Caption-style text data
↓↓↓
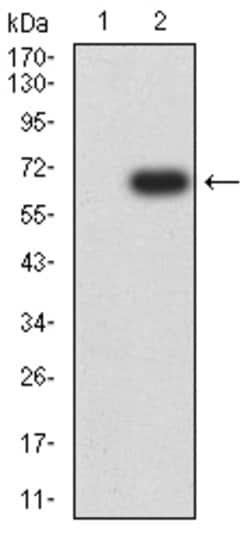 HAS1 Monoclonal Antibody (5C9D6):Antibodies, Monoclonal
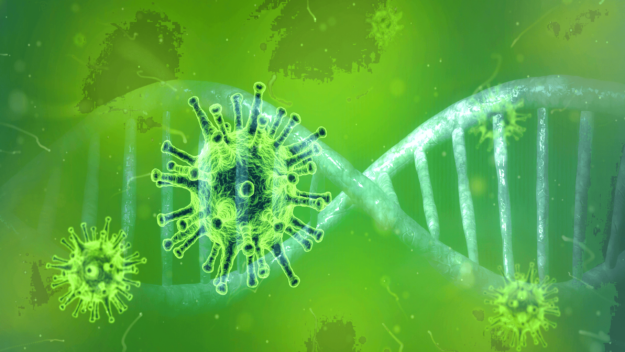 Darstellung eines Coronavirus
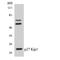 Cyclin Dependent Kinase Inhibitor 1B antibody, LS-C200441, Lifespan Biosciences, Western Blot image 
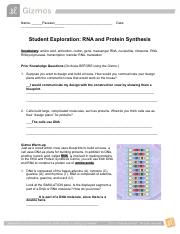 RNAProteinSynthesisSE.docx.pdf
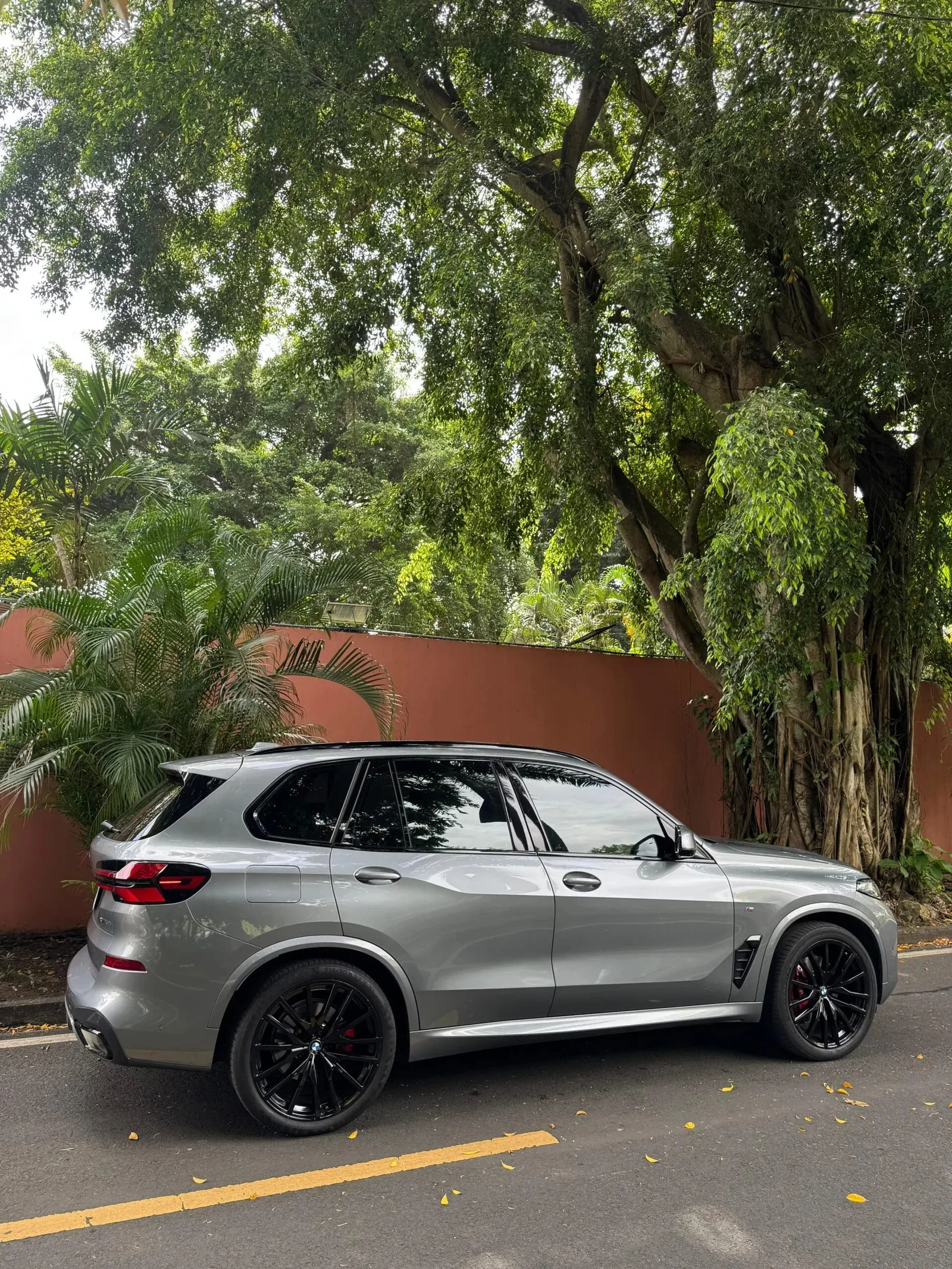 Imagenes del auto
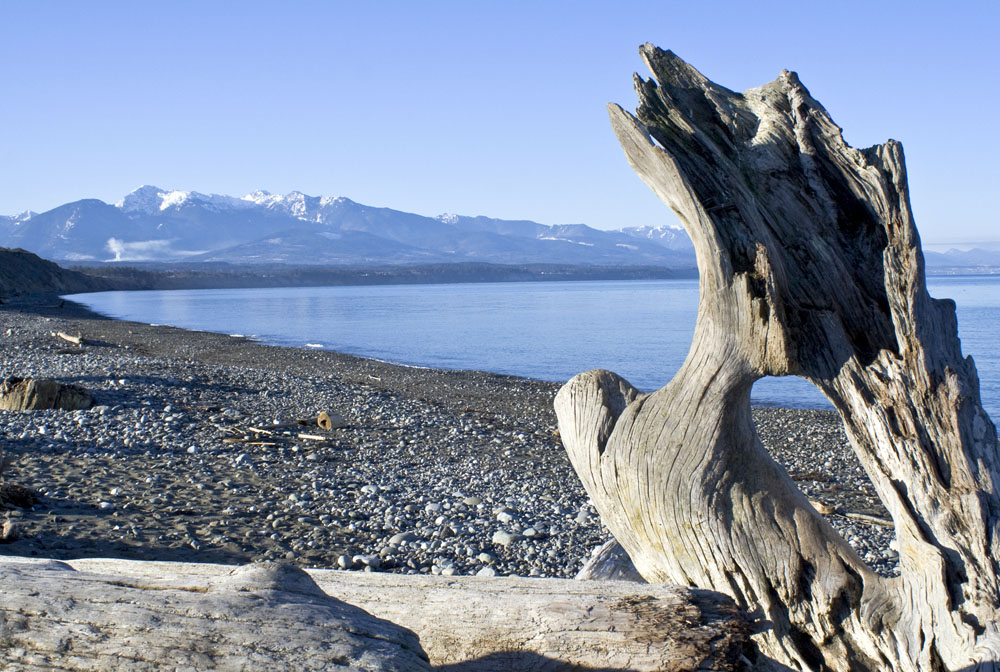 Dungeness Spit Washington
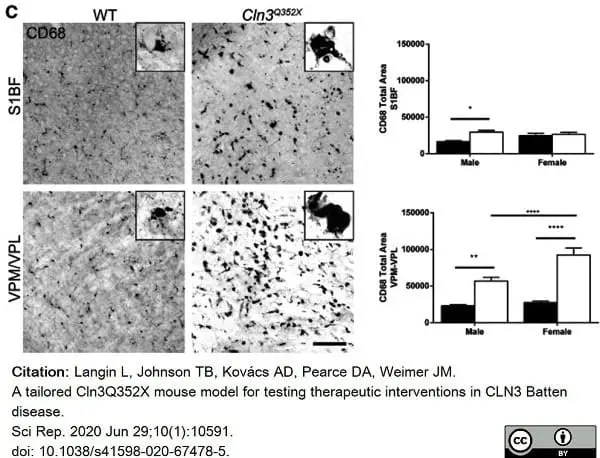 Anti Mouse CD68 Antibody, clone FA-11 gallery image 61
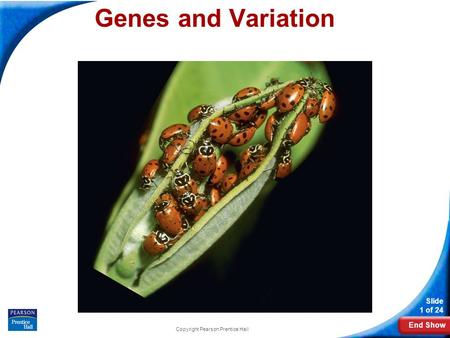 End Show Slide 1 of 24 Copyright Pearson Prentice Hall 16-1 Genes and Variation Genes and Variation.
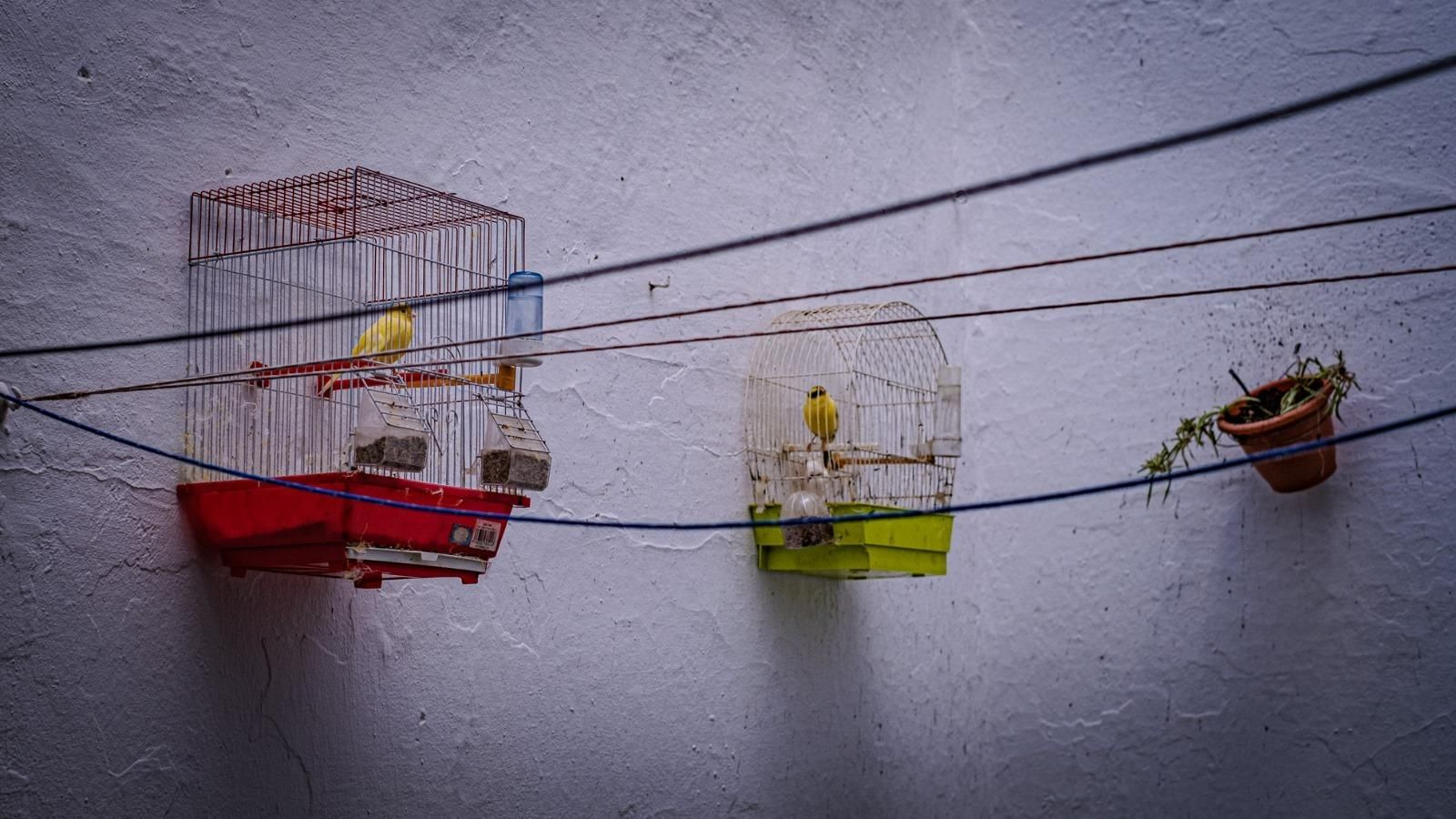 Imágenes de los bloques de la barriada Bazán de San Fernando, rehabilitados o no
↑↑↑
▶ **WHAT YOU ARE ASKED TO DO**
When you come to the line containing "RNAProteinSynthesisSE.docx.pdf" in the records above, repeat that line and all lines after it exactly, but not the pictures.

▶ **EXERCISE OUTPUT**
 RNAProteinSynthesisSE.docx.pdf
 Imagenes del auto
 Dungeness Spit Washington
 Anti Mouse CD68 Antibody, clone FA-11 gallery image 61
 End Show Slide 1 of 24 Copyright Pearson Prentice Hall 16-1 Genes and Variation Genes and Variation.
 Imágenes de los bloques de la barriada Bazán de San Fernando, rehabilitados o no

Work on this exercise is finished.